● Task statement: Below is a listing to repeat exactly, with its pictures left out.

● Supplied information:
::::

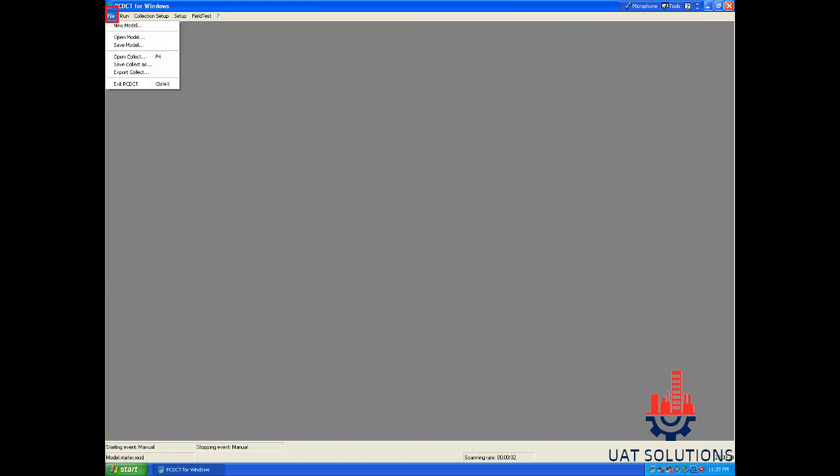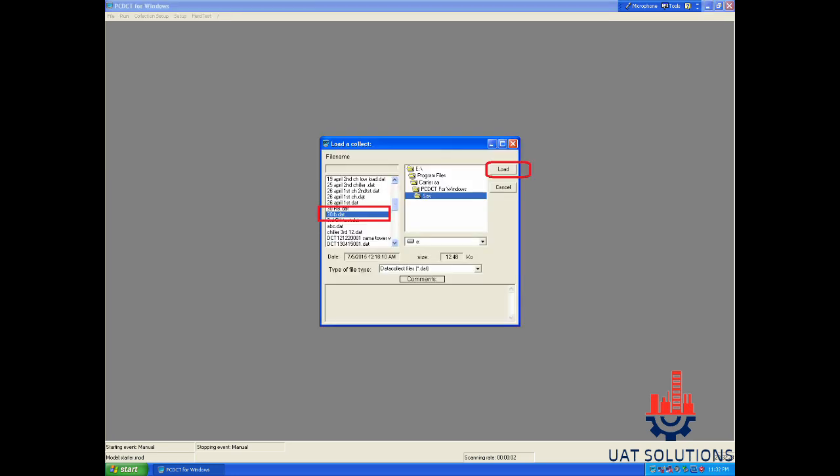To view a previously saved file, go to file and click on open collected points. Then select the file you want to view and click on run to view it.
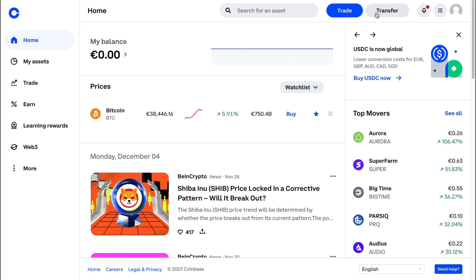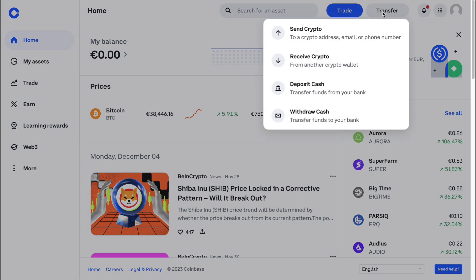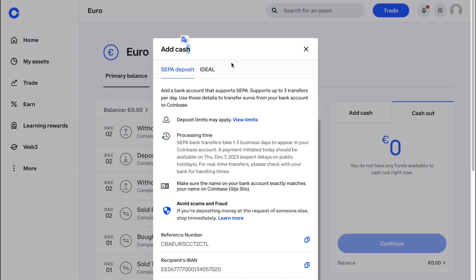First, go to Transfer. It depends on whether you want to deposit or withdraw cash via wire transfer, so choose either deposit or withdrawal. I'll show you how to deposit, but the steps are the same for withdrawal. When you select deposit, it will load the deposit screen.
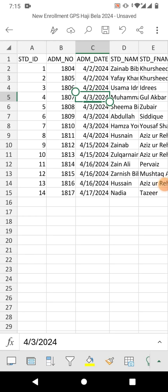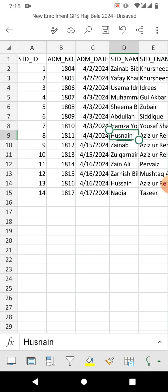Hello friends, welcome to your channel. In this video tutorial, you are going to learn how to use the Find and Replace function in Microsoft Excel on your Android phone. You can see a sample sheet on your screen, with the help of which I am going to show you how to use Find and Replace in Excel on Android. So let's start the video.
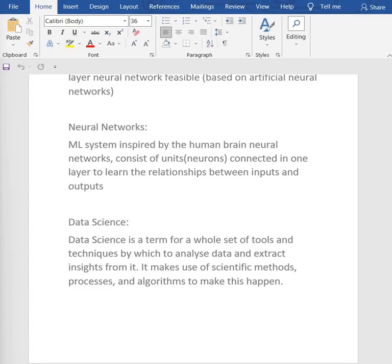Data science includes two main career paths. First, the data scientist, who uses machine learning algorithms and data analysis tools and techniques. In simple words, a data scientist is the one who analyzes data with the help of machine learning algorithms to help businesses improve and increase their profits. Then we have the data analyst, who uses only data analysis tools and techniques to help businesses improve and increase their profits.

::::

● Your solution:
To view a previously saved file, go to file and click on open collected points. Then select the file you want to view and click on run to view it.
First, go to Transfer. It depends on whether you want to deposit or withdraw cash via wire transfer, so choose either deposit or withdrawal. I'll show you how to deposit, but the steps are the same for withdrawal. When you select deposit, it will load the deposit screen.
Hello friends, welcome to your channel. In this video tutorial, you are going to learn how to use the Find and Replace function in Microsoft Excel on your Android phone. You can see a sample sheet on your screen, with the help of which I am going to show you how to use Find and Replace in Excel on Android. So let's start the video.
Data science includes two main career paths. First, the data scientist, who uses machine learning algorithms and data analysis tools and techniques. In simple words, a data scientist is the one who analyzes data with the help of machine learning algorithms to help businesses improve and increase their profits. Then we have the data analyst, who uses only data analysis tools and techniques to help businesses improve and increase their profits.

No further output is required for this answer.